*Exercise goal*
Your answer is the line containing "Электробритва Braun Series" plus every line after it through the end of the records, printed exactly and free of pictures.

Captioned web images
Content starts

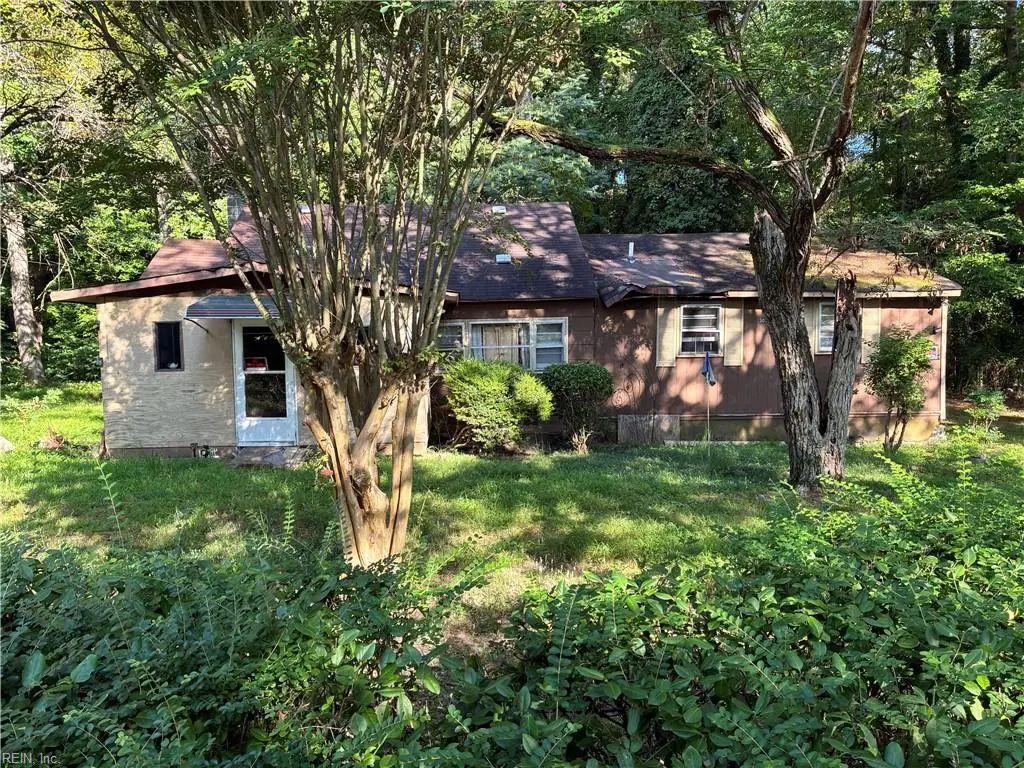 307 Church Rd Rd, York County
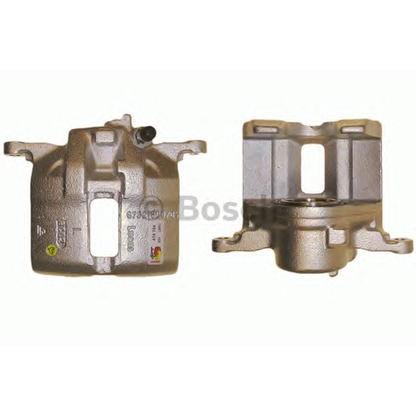 Фото Тормозной суппорт BOSCH 0986474784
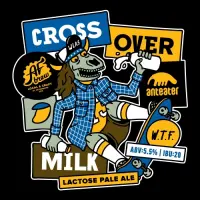 AF Brew Crossover Milk
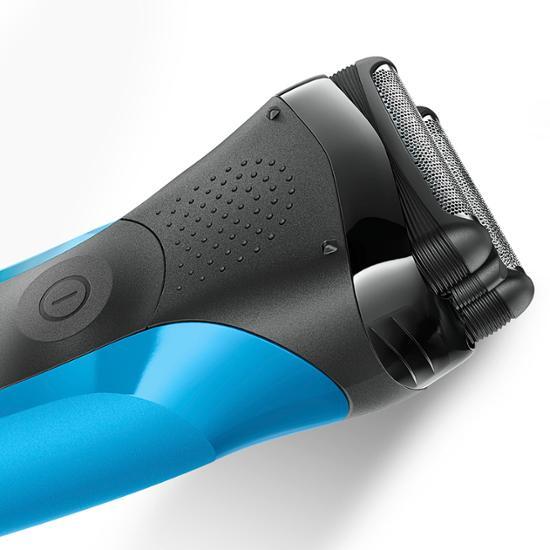 Электробритва Braun Series 3 310s W&D (Влажные и сухие)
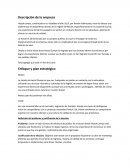 Plan de Marketing de una Hostal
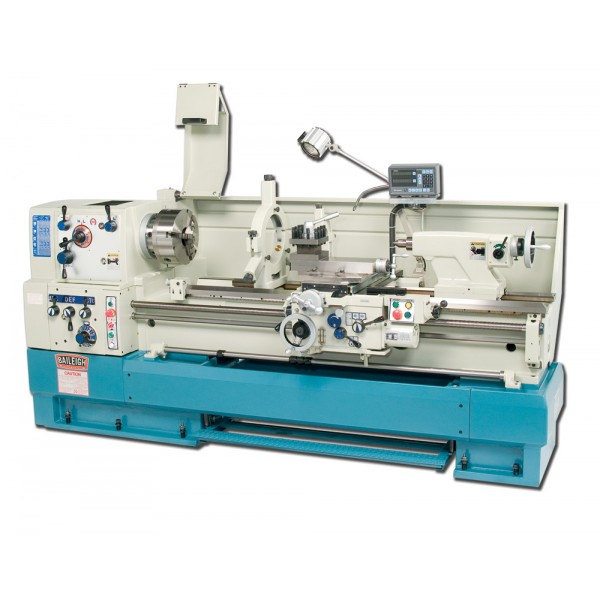 lathe, lathes, Baileigh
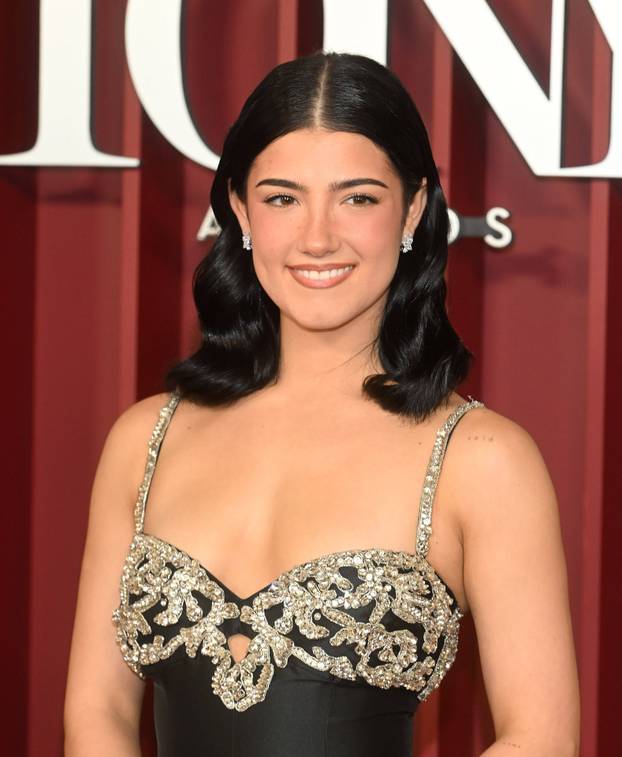 78th Annual Tony Awards - Arrivals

Content ends

*Task solution*
 Электробритва Braun Series 3 310s W&D (Влажные и сухие)
 Plan de Marketing de una Hostal
 lathe, lathes, Baileigh
 78th Annual Tony Awards - Arrivals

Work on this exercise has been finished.